■ **Task statement**:
Work through the listing below and give again exactly the lines from the one with "Elephant Motif Kashmiri Jhumka (Dark Green)" to the one with "pgmdress A Line", both ends included. All other lines and all pictures stay out.

■ **Source material**:

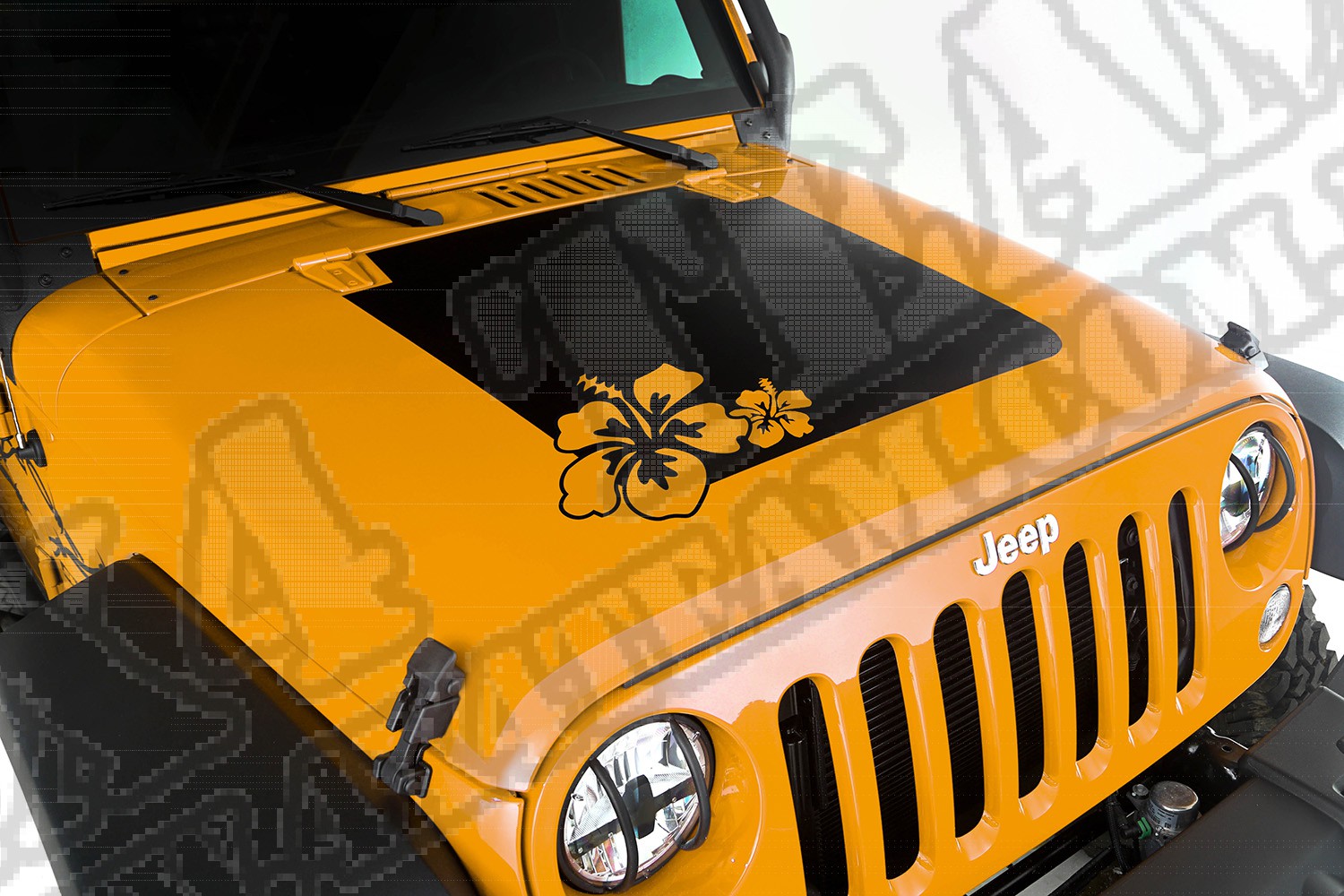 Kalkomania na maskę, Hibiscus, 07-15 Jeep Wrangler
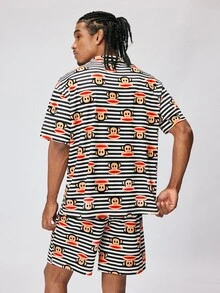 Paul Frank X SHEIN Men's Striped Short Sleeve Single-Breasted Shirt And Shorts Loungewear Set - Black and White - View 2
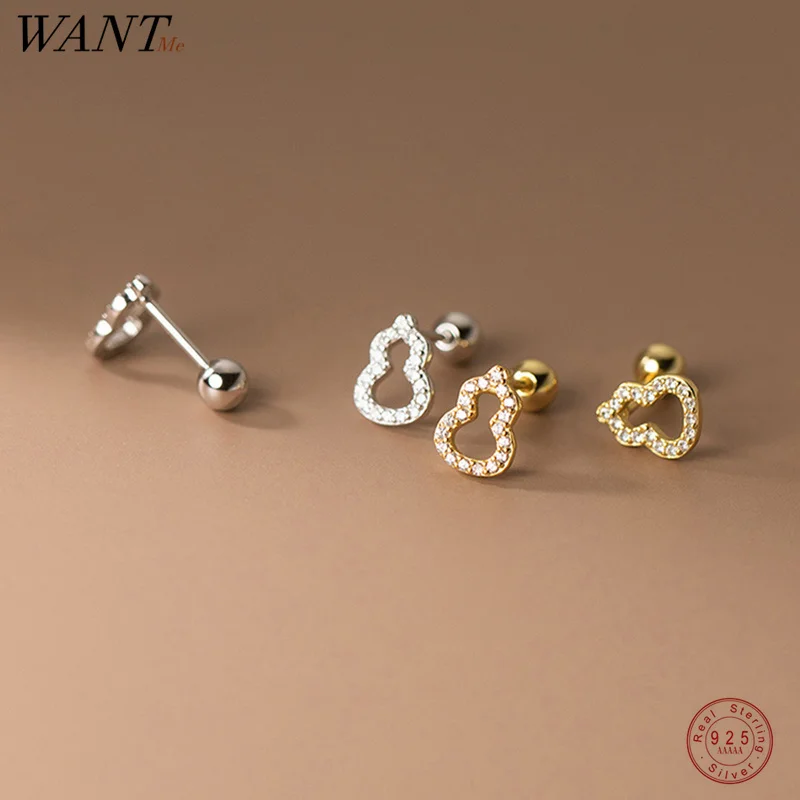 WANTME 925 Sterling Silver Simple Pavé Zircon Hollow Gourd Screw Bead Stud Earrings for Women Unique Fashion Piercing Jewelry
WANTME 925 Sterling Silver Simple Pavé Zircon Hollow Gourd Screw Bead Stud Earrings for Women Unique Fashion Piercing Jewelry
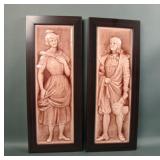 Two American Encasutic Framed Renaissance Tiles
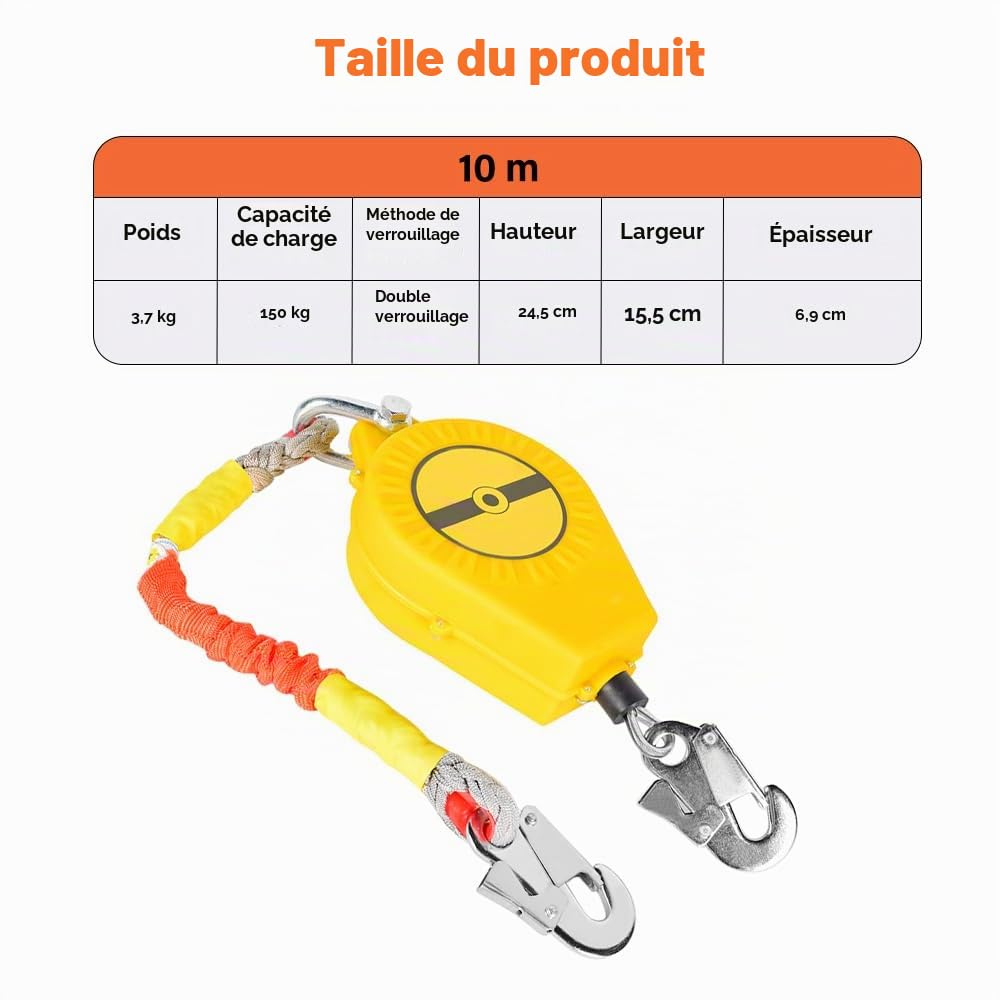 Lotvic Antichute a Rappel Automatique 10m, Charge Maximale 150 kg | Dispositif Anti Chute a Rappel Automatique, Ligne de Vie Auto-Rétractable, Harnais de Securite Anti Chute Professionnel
--
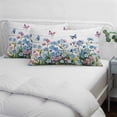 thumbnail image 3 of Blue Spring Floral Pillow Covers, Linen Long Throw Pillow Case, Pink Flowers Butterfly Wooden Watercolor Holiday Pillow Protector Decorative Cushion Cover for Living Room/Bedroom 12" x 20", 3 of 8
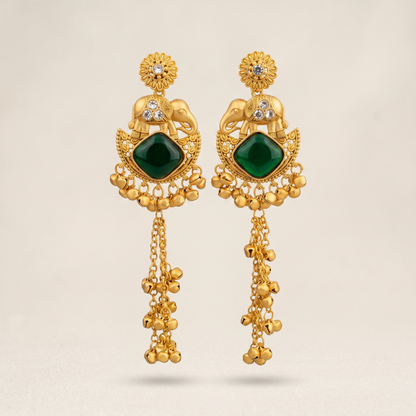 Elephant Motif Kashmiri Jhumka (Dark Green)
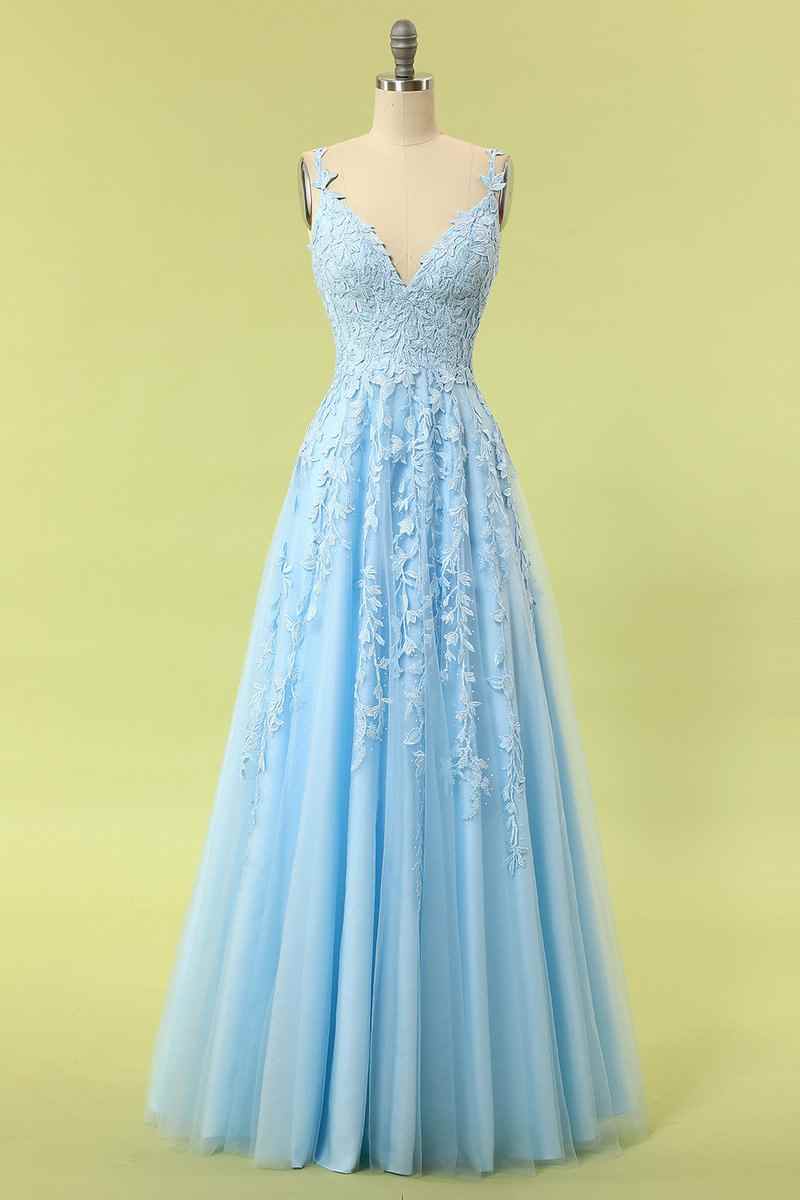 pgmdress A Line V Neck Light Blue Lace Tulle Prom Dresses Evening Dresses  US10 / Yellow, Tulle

■ **Answer section**:
 Elephant Motif Kashmiri Jhumka (Dark Green)
 pgmdress A Line V Neck Light Blue Lace Tulle Prom Dresses Evening Dresses  US10 / Yellow, Tulle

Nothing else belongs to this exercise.